Rivers and Ice: A Woman’s Journey Toward Family and Forgiveness

By Susan Pope

Riddle Brook Publishing

Peterborough, New Hampshire

March, 2024

Praises:

“With unflinching honesty, Susan Pope explores the complexities of a uniquely Alaskan life’s journey that will resonate with readers no matter where they live. Vacillating between frozen and flowing, the human and geographic landscapes she explores are hauntingly beautiful and complex. A memorable exploration of resilience and hope that gives readers much to ponder.”

 

— Deb Vanasse, author of Wealth Woman and Roar of the Sea

“Breathtaking—a flipped raft snarled in a snag while two paddlers barely make it to shore. Breathtaking—a goshawk diving straight at the eyes of two women hikers diving flat into mud. Breathtaking—a woman crying in the American Cemetery in Florence Italy as she recognizes for the first time the risks and sacrifices her troubled father made so she could live. Susan Pope brings alive these moments and so many more in her deeply moving evocations of five generations of lives well lived in an ever-changing Alaska. A book of marvels, breathtaking.”

 

—  Peggy Shumaker, former Alaska Writer Laureate, and author of Just Breathe Normally and Cairn.

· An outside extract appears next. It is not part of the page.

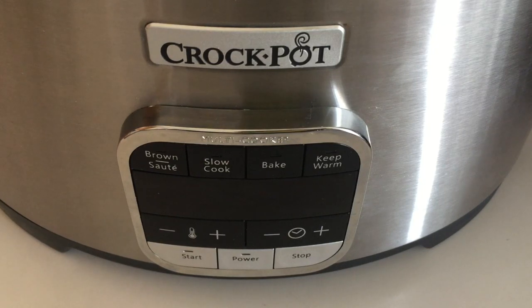You don't have to program a set amount of time for the brown/sauté function — you can just turn it on like you would use a pan on your regular stovetop, cook for as long as you want, and then turn it off. But if you do want to set a timer, it has a maximum of four hours for that particular function.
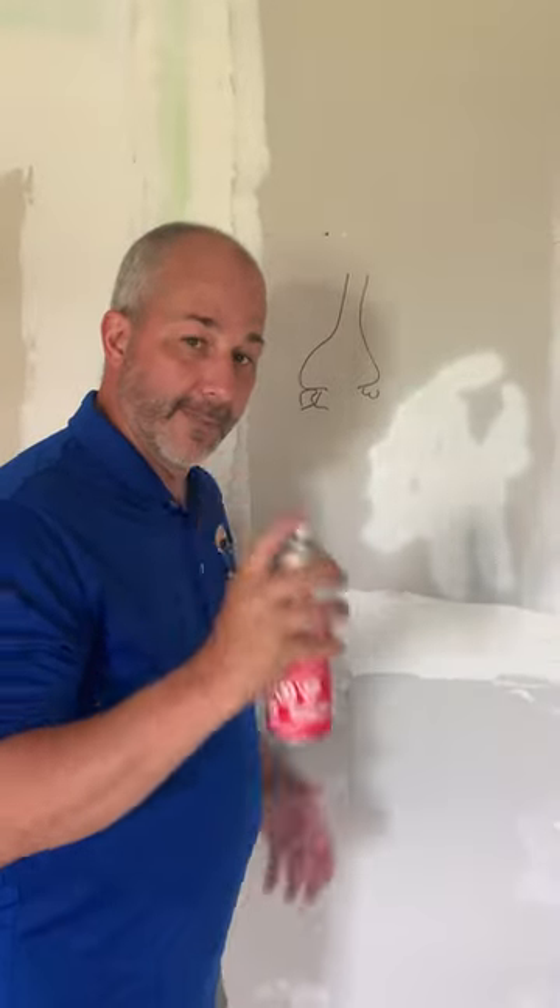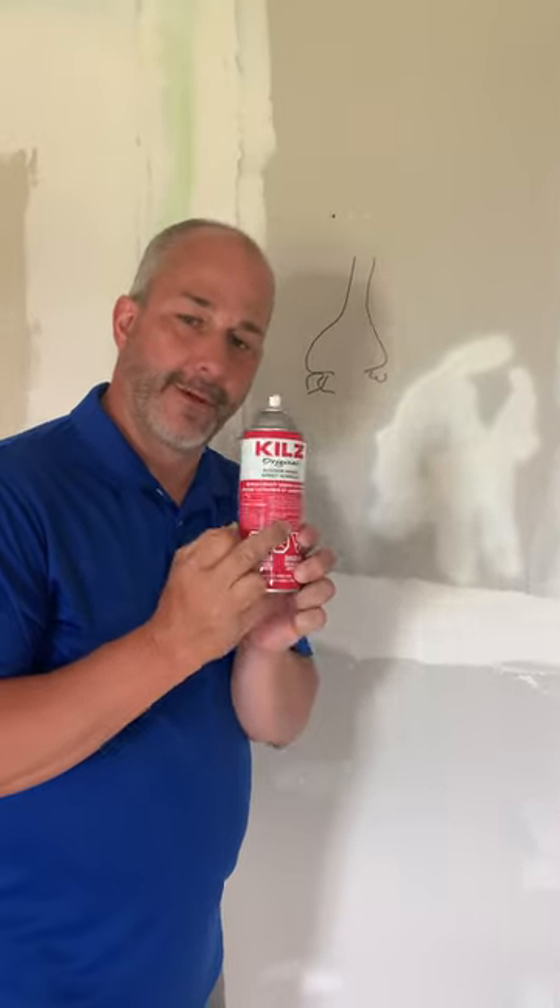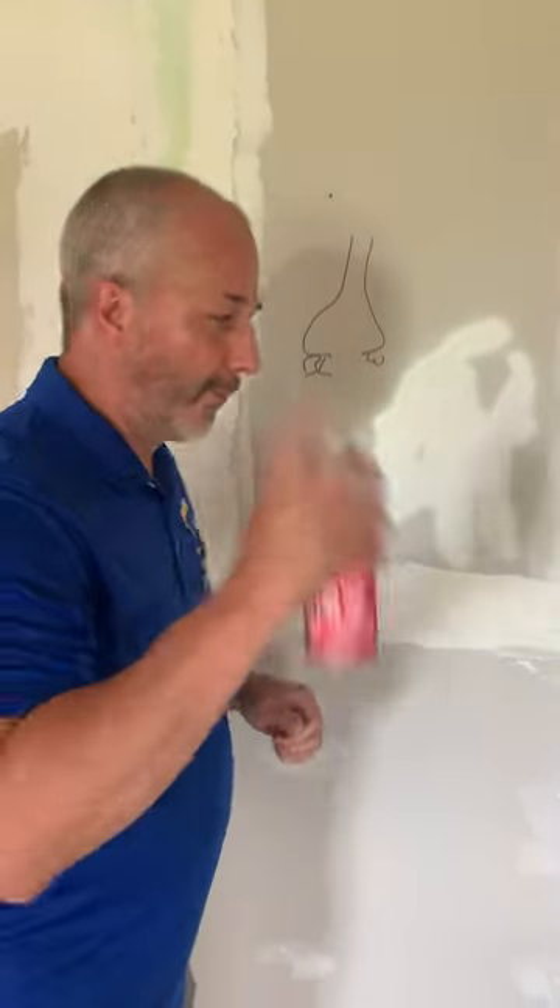As a homeowner, if you come across something on your wall that you can't cover with paint, use this product right here. It's in our Amazon store. It kills work. It's a flat oil.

“A gorgeous evocation of what it means to be an Alaskan, rendered with great skill and artistry by a writer who loves this place and knows how to show it.”

 

—  Rich Chiappone, author of Hunger of Crows and Liar’s Code.

Description:

A rafting disaster, a failed canoe journey, a dash to reach a summit while deserting her daughter in bear country. In her memoir, Rivers and Ice, Susan Pope struggles to reconcile the competing forces in her life: the lure of travel with the safety of home; the love of family with the desire for independence; and the image of who she aspires to be with the reality of her faltering attempts at marriage, career, motherhood, grandmother-hood, and physical competence. of the North. Suicide, a tumbledown inheritance, the miracle of the Arctic caribou migration. Few memoirs combine love of nature with love of family so eloquently, while at the same time acknowledging that each carries the potential for so much loss and pain. Through it all, this is the story of one woman’s quest to carve a place for herself and claim her own unique power.

Excerpt:

There were easier ways to celebrate thirty years of marriage, but I wanted to see the bears. The fat fishing bears at Brooks Falls in Alaska’s Katmai National Park. We could have hired a bush flight to dash us across the waters of Cook Inlet for a few hours of bear watching from a safe distance, fill a memory card with pictures, then fly back to the city to toast champagne over a fancy dinner. Mission accomplished. But we chose the hard way, on water, where we began our love affair, on a raging river with a leaky raft. Thirty years of these waterborne adventures had brought us closer together, split us apart, even nearly killed us. Rivers, lakes, oceans. Raft, dory, kayak, canoe. Talachulitna, Alsek, Kongakut, Nigu, Canning, Colorado…We were camped on the shore of Lake Grosvenor on the second day of an eight-day guided trip to Brooks Falls. I lay awake in our tent, staring out the small plastic window at our feet. I saw nothing but the gray swells and the white foam of waves on the lake, as if we were adrift on the ocean, yet our white and yellow dome tent was tethered securely by stout metal poles and brightly-colored ropes against the pummeling wind.